Mostly Christians, the Chin community made up of church pastors, construction workers and a few government employees uses their local churches as a meeting center not only for religious services but also for cultural and social activities.
With the new generation of children growing up in a predominantly Buddhist town, Chin leaders are concerned about protection and promotion of their cultural and religious identity in a non-Chin speaking environment.
Pastor Morris, a father of three daughters, said: “We are so small in numbers and yet spread across the area, which makes it difficult for us and our children to meet on a regular basis. But we make every effort to meet at church on Sunday.”
Over the past few weeks, we have organized a once-a-week gathering in the church compound for our youth group to practise Chin traditional dances with the help of Mai Bawi Kil Hnem from the Kalay University, he said.
“Through this gathering, they [youths] get to know each other and more about Chin culture. In the future, they will be able to present Chin traditional dances on such important occasions as the Chin National Day celebration,” said the Chin pastor.
It is estimated that there are about 400 Chins currently living in Tachileik and its surrounding villages, with the first Chin migration to the area dating back reportedly to the 1950s during the war against the Kumintan Chinese army.

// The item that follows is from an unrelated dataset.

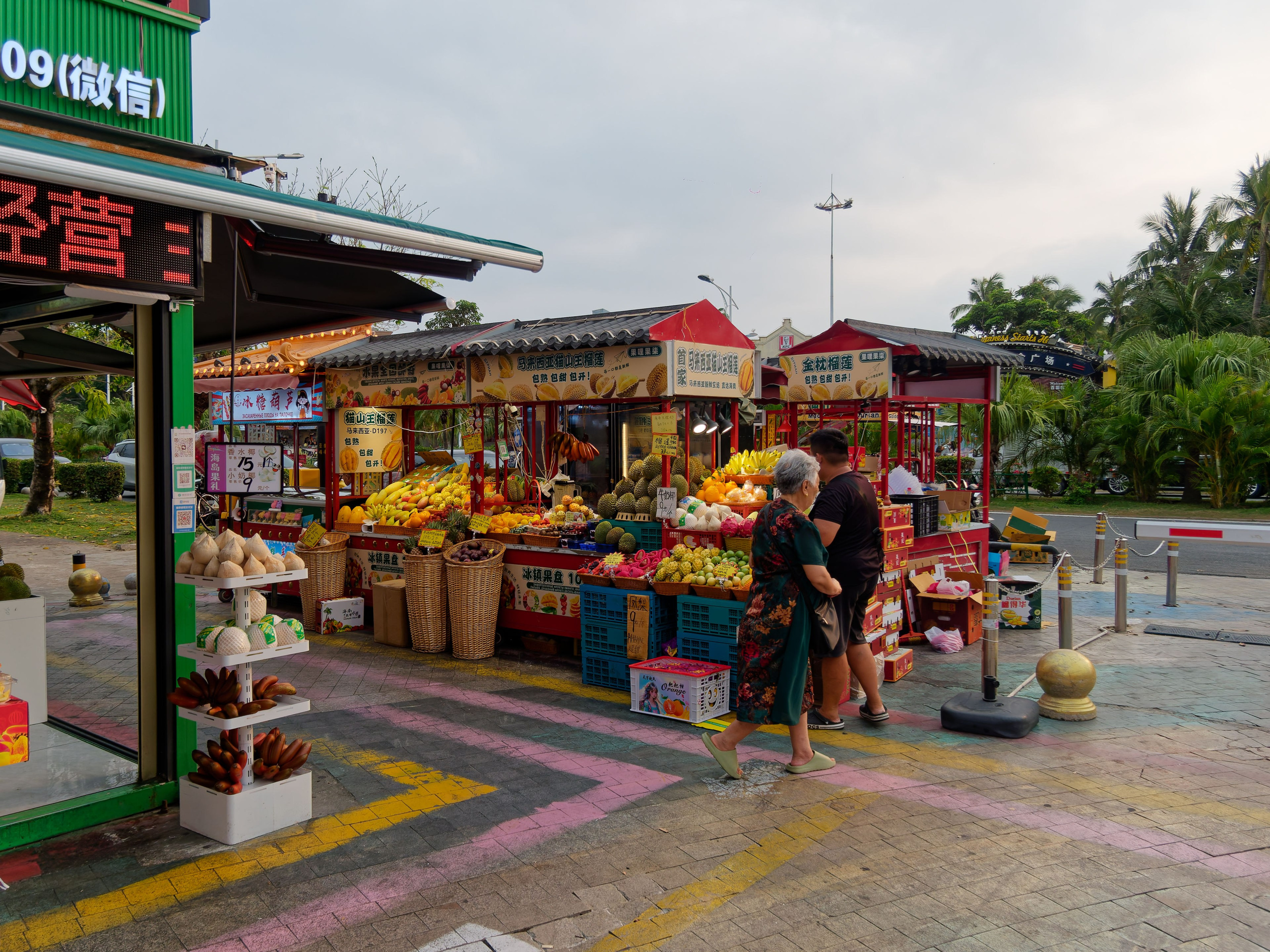 Хайнань 2026, «Food Street» ночная улица еды в Ялунване. Фотопрогулки по Миру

Many of the Chin soldiers, who were posted and deployed mostly in the northeastern parts of Shan State, got married to the local women or didn’t return to Chin State after the war, it was claimed.
Sometimes, we feel like, the pastor added, we live in a different world as we haven’t got much communication with other Chin communities both from inside and outside of Burma.
“Therefore, it is important that we, as a community, try to find ways in which we could not only maintain but improve our own relationship, unity and identity as a people,” stressed Pastor Morris who has lived in Tachileik since early 1990s.
To be able to effectively safeguard and pass our cultural identity onto the young generation, we need a concerted effort and input from Chin communities across the world by extending our network and exchanging what we have in a more practical way, the pastor said.
“Now that we, the Chins, have spread all over the world migrating into other dominating groups of peoples, it is crucial that we strengthen our community through any possible means and ways,” remarked the pastor.
Most of the Chin Christian pastors in Tachileik are also missionaries working among other ethnic tribal groups such as Lahu, Akha, and Palaung.
The pastors are not only preaching the gospel but also helping the minority groups of Shan State in the development of their livelihoods, according to the Chin pastor whose church looks after orphans.
With a recent increase of about 15,000 kyats in airfare prices across the country, a developing Chin community in Tachileik, not easily accessible by car from the central parts of Burma, fears being further isolated from the Chin majority.
Pastor Morris, originally of Tlangkua village in Thantlang Township of Chin State, said of their willingness to forge better relationship with the global Chin communities and to get involved more in collaborating and promoting Chin cultural values.
The future generation of Chin communities across the world will certainly depend on how much collective effort and contribution is made for supporting each other in order to strengthen communication and social network in safeguarding their cultural and traditional identity.